REQUIREMENT: Find every line in the records below that holds the word "Complete", and copy it out.

RECORDS SUPPLIED:
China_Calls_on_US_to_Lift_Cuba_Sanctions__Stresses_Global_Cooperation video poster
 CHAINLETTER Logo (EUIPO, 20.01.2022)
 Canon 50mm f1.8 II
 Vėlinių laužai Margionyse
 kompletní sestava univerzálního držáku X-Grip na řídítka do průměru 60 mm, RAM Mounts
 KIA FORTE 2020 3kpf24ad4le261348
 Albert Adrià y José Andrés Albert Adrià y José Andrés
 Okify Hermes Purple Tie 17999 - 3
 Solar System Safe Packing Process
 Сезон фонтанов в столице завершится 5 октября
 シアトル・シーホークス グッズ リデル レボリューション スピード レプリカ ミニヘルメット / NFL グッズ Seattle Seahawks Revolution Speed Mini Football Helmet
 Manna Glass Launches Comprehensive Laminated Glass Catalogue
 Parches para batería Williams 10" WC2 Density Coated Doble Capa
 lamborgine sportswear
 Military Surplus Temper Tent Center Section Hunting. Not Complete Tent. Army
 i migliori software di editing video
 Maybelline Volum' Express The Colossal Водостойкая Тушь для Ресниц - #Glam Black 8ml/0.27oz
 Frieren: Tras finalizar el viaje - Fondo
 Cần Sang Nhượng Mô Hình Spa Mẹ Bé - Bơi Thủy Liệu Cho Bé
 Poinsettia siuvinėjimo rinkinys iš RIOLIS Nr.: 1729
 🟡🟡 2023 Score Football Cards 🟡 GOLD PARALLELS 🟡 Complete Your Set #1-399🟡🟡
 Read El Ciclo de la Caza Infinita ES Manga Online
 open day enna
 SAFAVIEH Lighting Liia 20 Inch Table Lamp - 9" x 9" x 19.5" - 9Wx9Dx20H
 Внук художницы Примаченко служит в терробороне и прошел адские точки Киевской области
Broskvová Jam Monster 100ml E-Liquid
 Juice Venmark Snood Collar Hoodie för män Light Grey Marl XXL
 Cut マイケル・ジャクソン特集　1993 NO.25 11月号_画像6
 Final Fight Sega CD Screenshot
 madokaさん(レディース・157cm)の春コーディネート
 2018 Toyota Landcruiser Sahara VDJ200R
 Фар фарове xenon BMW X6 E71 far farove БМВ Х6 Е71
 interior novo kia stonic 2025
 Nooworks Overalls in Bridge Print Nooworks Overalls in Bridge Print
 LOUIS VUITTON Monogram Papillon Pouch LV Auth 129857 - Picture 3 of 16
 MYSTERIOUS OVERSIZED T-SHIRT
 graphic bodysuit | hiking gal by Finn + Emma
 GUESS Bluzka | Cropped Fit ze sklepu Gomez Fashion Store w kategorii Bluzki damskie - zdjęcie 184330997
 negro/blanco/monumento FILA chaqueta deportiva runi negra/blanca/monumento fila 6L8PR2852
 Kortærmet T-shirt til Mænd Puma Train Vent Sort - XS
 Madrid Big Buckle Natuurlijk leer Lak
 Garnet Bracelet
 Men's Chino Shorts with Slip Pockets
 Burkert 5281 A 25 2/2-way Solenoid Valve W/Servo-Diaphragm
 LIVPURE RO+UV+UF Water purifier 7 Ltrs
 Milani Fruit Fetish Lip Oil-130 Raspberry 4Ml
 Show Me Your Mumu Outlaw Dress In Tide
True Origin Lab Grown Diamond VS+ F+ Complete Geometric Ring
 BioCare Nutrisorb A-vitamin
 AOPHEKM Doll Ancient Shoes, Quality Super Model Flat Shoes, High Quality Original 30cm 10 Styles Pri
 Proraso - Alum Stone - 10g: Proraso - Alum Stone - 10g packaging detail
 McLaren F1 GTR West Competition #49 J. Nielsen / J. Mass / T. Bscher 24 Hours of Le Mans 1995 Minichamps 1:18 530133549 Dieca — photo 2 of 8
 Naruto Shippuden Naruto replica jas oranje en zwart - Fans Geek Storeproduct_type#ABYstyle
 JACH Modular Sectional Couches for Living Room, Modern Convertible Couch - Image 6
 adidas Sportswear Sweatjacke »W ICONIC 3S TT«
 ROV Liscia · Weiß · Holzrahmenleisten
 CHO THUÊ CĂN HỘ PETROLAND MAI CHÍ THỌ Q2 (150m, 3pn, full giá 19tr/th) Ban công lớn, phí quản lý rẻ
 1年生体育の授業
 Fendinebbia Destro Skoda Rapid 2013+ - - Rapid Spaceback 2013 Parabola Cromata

SOLUTION:
 Military Surplus Temper Tent Center Section Hunting. Not Complete Tent. Army
 🟡🟡 2023 Score Football Cards 🟡 GOLD PARALLELS 🟡 Complete Your Set #1-399🟡🟡
True Origin Lab Grown Diamond VS+ F+ Complete Geometric Ring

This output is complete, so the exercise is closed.